The Bill has arisen in response to perceived inefficiencies in the case management system in the Court of Summary Jurisdiction. In responding to the Bill the Society is concerned that draft Bill places undue emphasis on efficiency at the expense of Justice. The Bill represents a significant deviation from the standard of criminal justice and the Society does not support trading off any aspect of a fair and just system for the sake of expediency. That being said the Society supports the objective of the Bill with the overriding qualification that the Court is best placed to determine procedures.
The criminal justice system is based on a number of fundamental principles being:
- The presumption of innocence;
- The requirement for the Crown to prove an allegation beyond reasonable doubt;
- The right to legal representation;
- The right to confront an accuser by cross examination; and
- The right to silence.
These are fundamental principles which should never be abrogated.

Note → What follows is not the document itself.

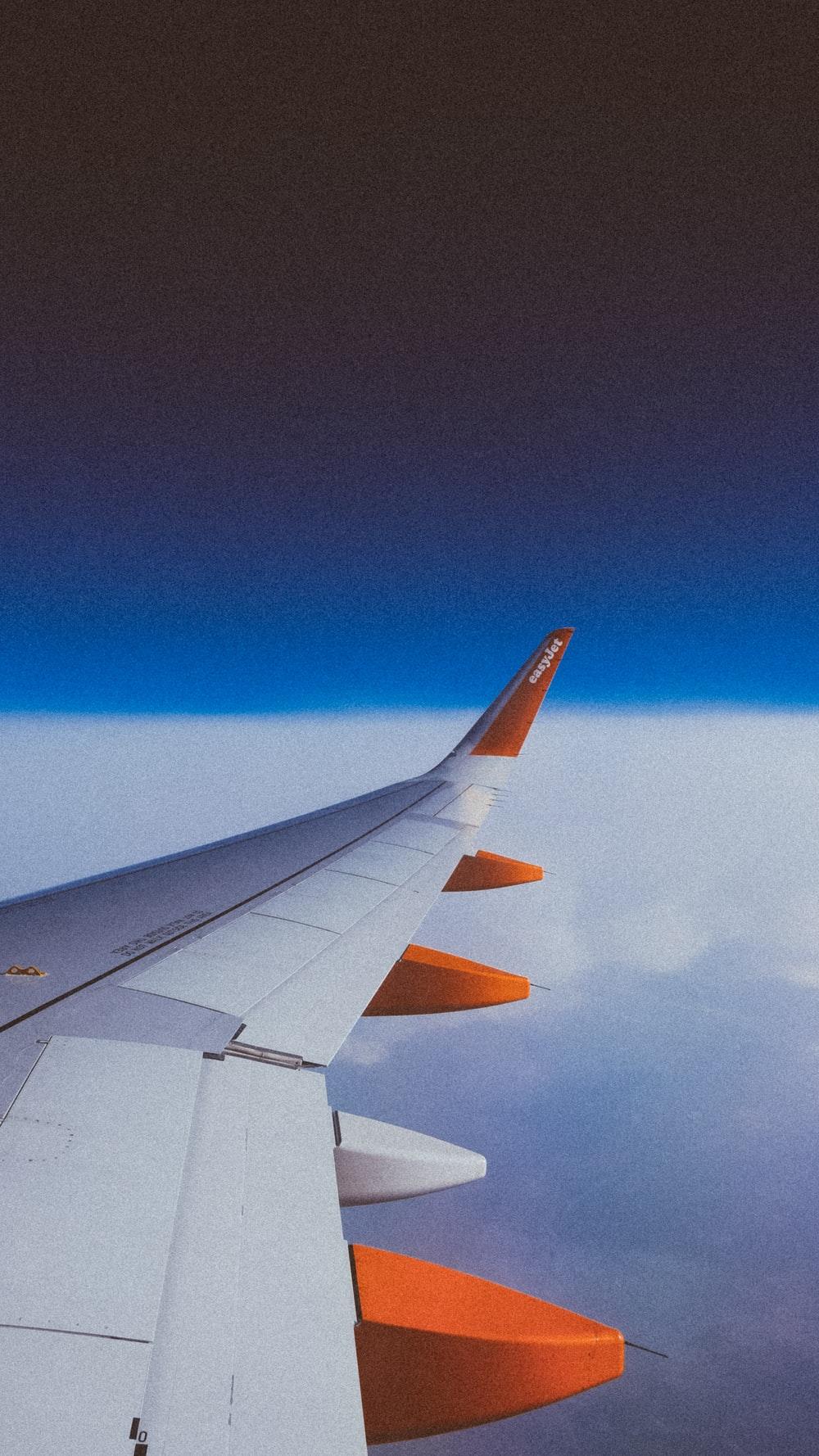 White and orange airplane wing -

The Society submits that no evidence has been provided to demonstrate that the existing system of criminal procedure has resulted in a miscarriage of justice.
The Society accepts the assertion that the current process should be reviewed. The Society also accepts that there has been significant growth in the number of cases in the Northern Territory and a workable process that will facilitate where appropriate early pleas has become important to ensure smooth running of the Court. Importantly where it is demonstrated that Court procedures are resulting in late pleas efforts should be made for reform.
The Society submits that any review should identify and quantify the scope of the perceived problem, so that effectiveness of reforms can be monitored. This examination should identify all possible causes, options for reform and identify why any proposed reform is preferred. The review should not ignore the impact of other factors such as mandatory sentencing, charging practices or failure to conduct the case in the interests of the administration of justice.
It is accepted that encouraging early pleas present advantages for the Courts, Police and the Office of the Director of Public Prosecutions (ODPP), and legal assistance providers, victims and witnesses and also for the accused. The benefits for the accused are limited in so far as it results in a certainty and finality of outcome, limits the occasion for publicity and permits the potential imposition of a less severe sentence through a discount. However these cannot be bought at the expense of the administration of justice.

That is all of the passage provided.